Doğu ve Güneydoğu’da CHP fotoğrafı nasıl görünüyor?

Biz bu analizde “ne oluyor”a baktık. Doğu, Güneydoğu çok farklı bir coğrafya. Devletin yanlış uygulamaları sonucu ne yazık ki orada siyaset de bitmiş. Bundan önümüzdeki süreçte sadece biz değil tüm siyasi partiler sıkıntı çekecek. Başbakan Van’da 60 panzer arasında miting yaptı. Bu manzaralar hoş değil. El birliği ile çözmezsek, birkaç yıl sonra çok daha zor olur.

Baykal CHP’den ayrılmaz

Baykal- Kılıçdaroğlu buluşmasında tüzük kurultayı gündeme geldi. Yapılacak mı?

Baykal ve Kılıçdaroğlu görüşmesi bence haber konusu olmamalı. Üstelik tecrübe ve deneyimlerinden paylaşılması açısından Sayın Baykal ile daha çok görüşülmeli. Tüzük kurultayı yapılır mı bilemem. İrade sayın Genel Başkanındır. Kendisi ihtiyaç duyar mı bilemiyorum.

Konu bu haftaki MYK’da gündeme geldi mi?

Hayır gelmedi.

Baykal’a yakın isimler tüzük kongresi yapılmazsa partiden ayrılır endişeniz var mı? Baykal yeniden aday olur mu?

Hiç zannetmiyorum. Bizde öyle bir ayrışma söz konusu olamaz. Deniz Bey “kesin aday değilim” diye kendisi de ifade etti zaten.

Sayın Kılıçdaroğlu ile ne değişti?

Sayın Kılıçdaroğlu birçok seçimleri yaşayan biri olarak söylüyorum. İlk kez toplumun her kesimi tarafından eli sıkılan, ‘Resim çektirelim ama ben başka partiliyim’ diyen insanlarla karşılaştık. Bu çok alışılagelmiş bir şey değildir. Müthiş çalışkan. Gece ‘Abi uyu, erken alacağım’ diyorum. Sabah elinde 3 dosyayla iniyor. ‘Abi ne yaptın?’ deyince ‘Gece bilgisaylarda çalıştım’ diyor.(gülüyor) Sayın Genel Başkan ile ‘Gitmediğimiz köy bizim değildir’ diyoruz. Tüm köylerimize gideceğiz. Teşkilatımız ölü evinin yascısı, düğün evinin tefçisi olacaklar.
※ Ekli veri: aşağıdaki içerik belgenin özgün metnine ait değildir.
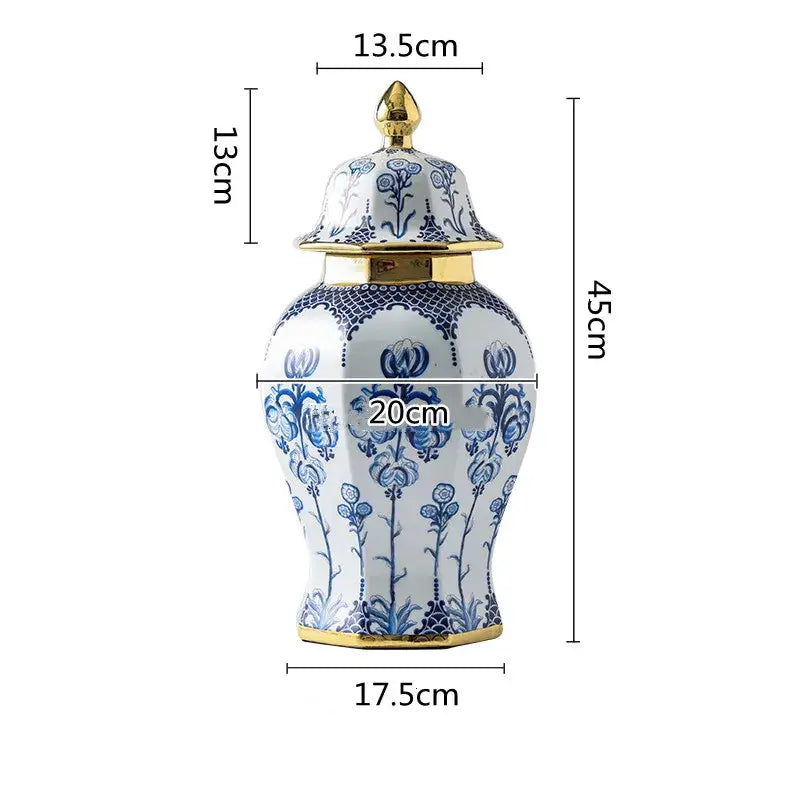 Floral blue and white porcelain general jar vase with gold-trimmed lid and base featuring intricate floral patterns
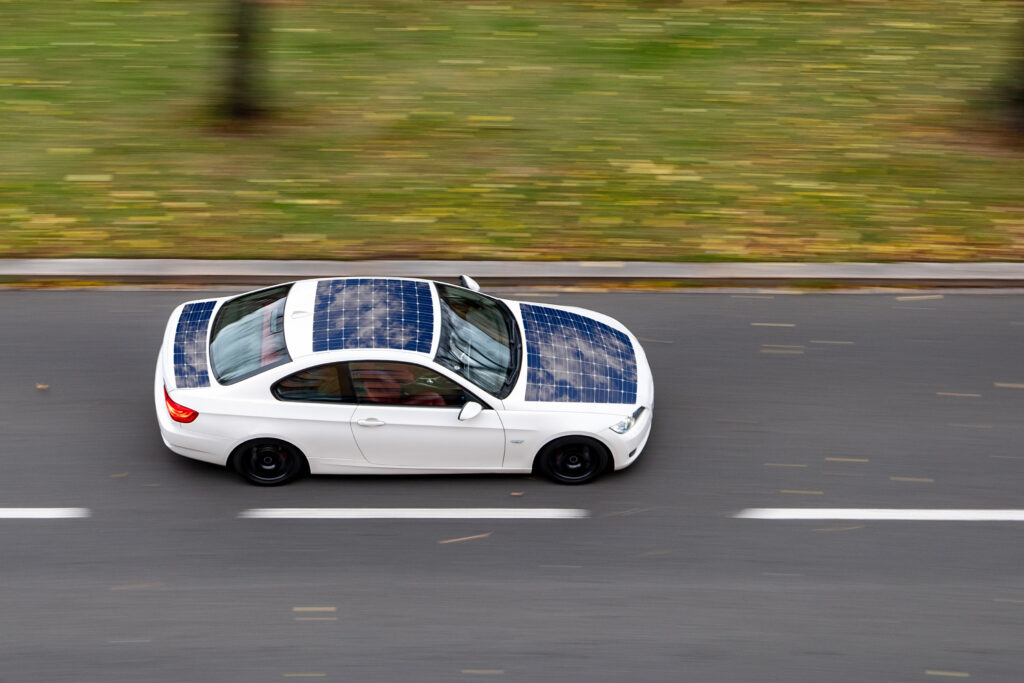 A car with solar panels on its hood and roof. 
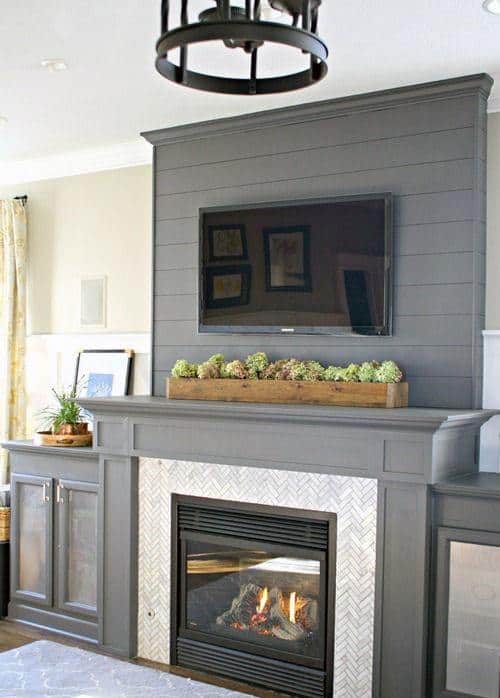 Gray shiplap fireplace with a matching wood mantel, herringbone tile surround, and mounted TV.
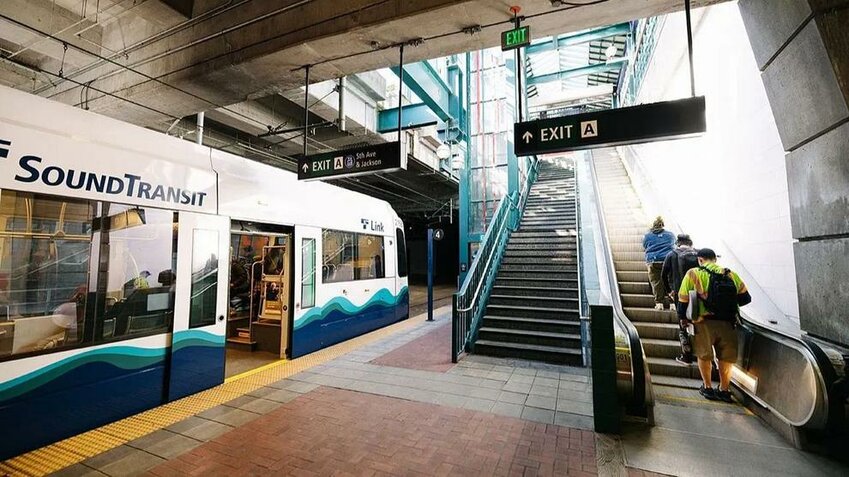 A Sound Transit Link light rail train is stopped at a station as riders use the stairs and escalator to exit.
Teşkilata “Kılıçdaroğlu’na yetişemediler’ eleştirisi geldi?

Kemal beyin hızına yetişemediler doğru ama aksaklıklar düzeltilecek.

33 yıl iktidardalar CHP’yi suçluyorlar

İçişleri Bakanı ‘CHP tüm toplumsal sorunların kaynağı’ dedi, öyle misiniz?

Şunu anlıyorum ki valilerin, kaymakamların saldırısının mimarı sayın İçişleri bakanıymış. Güçlerini oradan alıyorlar belli ki. Bu CHP’ye ve cumhuriyet değerlerine saldırmaktır. Bunu alışkanlık haline getirdiler. CHP en son 1977’de iktidar oldu. 33 yıldır iktidar değiliz. Ama hala çıkmaza girince beceriksizliğin faturasını CHP’ye çıkarıyorlar, partimiz daha sonra ağır bir cevap verecektir.

‘Her şeyi biz biliriz’ diyorlar

Sayın Kılıçdaroğlu ve Başbakan’ın buluşması Ankara’nın özlediği bir görüntüydü galiba...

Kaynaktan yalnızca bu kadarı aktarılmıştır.